И впервые замечаю, что вятский край, откуда я иду, много выше нашего глухого угла. И мне представляется, будто я тихо приспускаюсь с небес — так все видится необычным и настороженным, даже кажется, что вот-вот что-то произойдет под небом…
Племянник с женой с утра запили, похоже, поцапались-подрались, потому что на кухне разбросаны по полу ложки-вилки, пролита вода… Жена убежала к сестре в избу напротив, племянник слоняется от окна к окну, тихо матерится, треплет пятернями свою седую шевелюру. Я выставил ему бутылку водки, он мигом откупорил ее и выпил чуть не полный стакан. Вышел на крыльцо, сел на ступеньку, скрючился весь. Переживает.
Бабка лежит за печкой голодная. Нарезал ей хлеба на тарелку, дал конфет, пряников, кружку воды. Пакет со сладостями, прощальное угощение, спрятал у нее под подушкой.
Бабка с благодарностью и улыбкой пожевала хлеба, запила водой. Затем воздела руки к потолку, что-то лепечет беззубым ртом, я не могу понять, глаза голубые в слезах блестят, в них — боль, радость и страдание. Такой я ее и оставляю, не мог больше смотреть, у самого слезы подступали…
— Господи, Господи, — шепчу, оглядываясь на избу племянника. — Чем же мы тебя прогневали?
Жадно всматриваюсь в окна изб: что там, за ними, происходит, как там люди?..
Окна матово отсверкивают, отстраненно, каждое само по себе, смотрят в небо.
— Господи, Господи…
Захожу к Калининым, они ждут к обеду, как договаривались, стол уже накрыт в летней кухне. Бабка Наташа суетится у плиты, расставляет тарелки. Неторопливо хлебаем наваристые щи из свежей капусты, пьем стопки, ведем неторопливый разговор. Юра, девятиклассник, перебрасывается со старшей сестрой Юлей колкими шутками-подковырками, но на них никто не обращает внимания, только иногда мать посмотрит на сына вопросительными синими глазами, и он тут же сникает, склоняется над тарелкой.
Сергей, хозяин дома, рассказывает мне о ближних деревнях, какие еще остались в нашей таежной округе. Рабочий день свой он уже закончил, объездил на своем молоковозе все фермы, собрал молоко и свез его в Сухово, центральную усадьбу, на переработку. Заодно свозил жену Катю в Малый Канарай, в медпункт, к больным доставил — она работает медсестрой на весь околоток.
Второй день любуюсь на это семейство. И украшает его бабка Наташа. Лицо ее чистое, без морщин, излучает радость и доброту, несмотря на свои семьдесят пять лет, она живо реагирует на все, отпускает острые шутки, заливается звонким смехом. Настоящая сибирская семья!

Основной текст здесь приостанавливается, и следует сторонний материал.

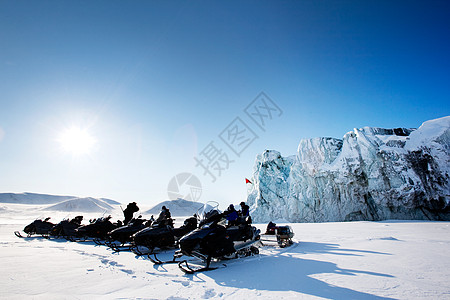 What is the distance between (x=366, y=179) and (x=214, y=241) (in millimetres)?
27537

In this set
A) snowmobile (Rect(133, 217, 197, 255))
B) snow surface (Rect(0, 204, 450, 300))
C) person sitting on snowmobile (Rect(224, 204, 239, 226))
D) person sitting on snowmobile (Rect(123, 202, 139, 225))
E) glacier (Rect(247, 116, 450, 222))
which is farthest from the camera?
glacier (Rect(247, 116, 450, 222))

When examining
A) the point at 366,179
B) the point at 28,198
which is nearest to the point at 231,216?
the point at 366,179

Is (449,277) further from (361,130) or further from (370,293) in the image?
(361,130)

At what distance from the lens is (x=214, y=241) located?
5.24 metres

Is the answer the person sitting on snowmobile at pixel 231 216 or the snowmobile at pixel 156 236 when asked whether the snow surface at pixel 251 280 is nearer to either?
the person sitting on snowmobile at pixel 231 216

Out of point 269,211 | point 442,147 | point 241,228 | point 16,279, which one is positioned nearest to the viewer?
point 16,279

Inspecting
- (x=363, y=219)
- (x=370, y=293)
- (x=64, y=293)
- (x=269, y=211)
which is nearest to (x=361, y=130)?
(x=363, y=219)

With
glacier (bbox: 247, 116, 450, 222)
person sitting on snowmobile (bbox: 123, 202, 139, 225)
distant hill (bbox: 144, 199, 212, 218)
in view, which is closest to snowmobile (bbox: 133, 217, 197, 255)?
person sitting on snowmobile (bbox: 123, 202, 139, 225)

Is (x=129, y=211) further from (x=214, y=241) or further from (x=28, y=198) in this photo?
(x=28, y=198)

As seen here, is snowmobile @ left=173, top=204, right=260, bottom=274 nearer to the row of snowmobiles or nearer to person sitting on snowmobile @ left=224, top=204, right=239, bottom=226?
the row of snowmobiles

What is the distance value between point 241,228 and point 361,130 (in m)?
28.1

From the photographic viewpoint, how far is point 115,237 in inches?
338

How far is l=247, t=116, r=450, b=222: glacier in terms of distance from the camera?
22.5 meters

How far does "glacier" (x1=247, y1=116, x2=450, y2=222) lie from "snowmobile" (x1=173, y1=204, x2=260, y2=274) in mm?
25160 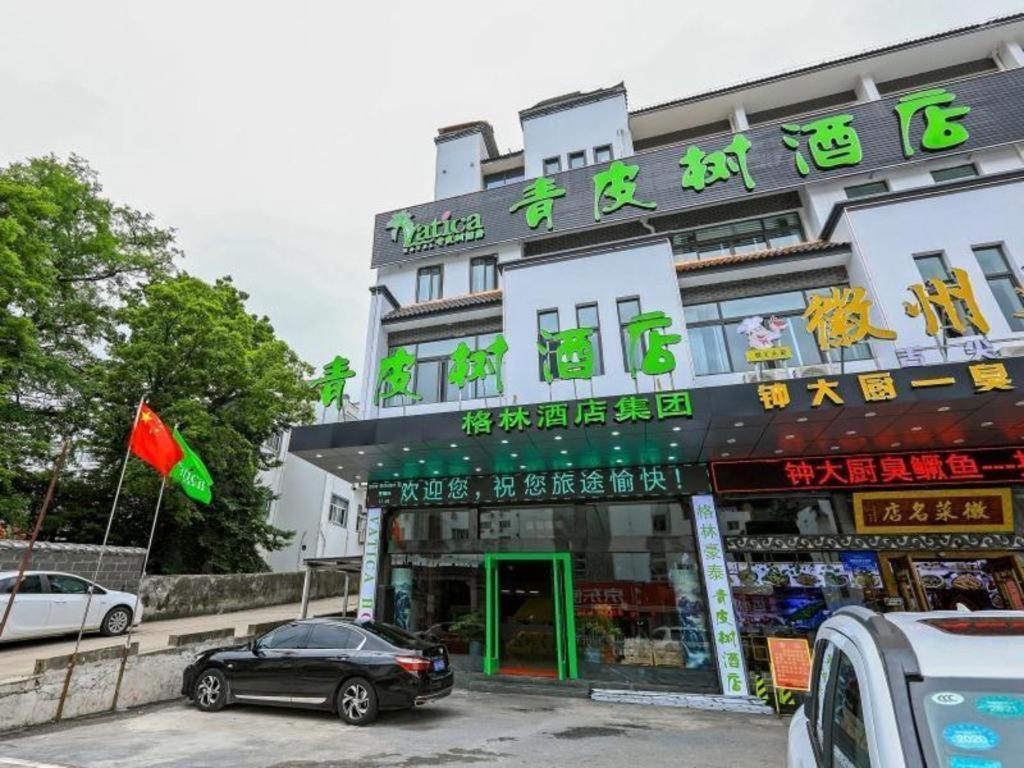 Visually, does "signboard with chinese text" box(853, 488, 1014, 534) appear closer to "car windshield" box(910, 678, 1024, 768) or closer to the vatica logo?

После обеда Сергей показывает свою мастерскую за стеной летней кухни, настраивается чем-то заняться. Потом мы с Наташей кормим индюшек. Они парочкой вышли из пригона, смиренно остановились у низкой загородки из штакетника, внимательно наблюдают за нами, а мы — за ними. Непривычно видеть это чудо природы в здешних суровых краях. Самка серая, чуть больше курицы, но выше на ногах, весело воркует, проворно склевывает хлебные крошки, самец же степенно берет, солидно потряхивает своей красной фатой. Наташа ласково с ним разговаривает, поглаживает пальцами по голове, и он послушно принимает ее ласки.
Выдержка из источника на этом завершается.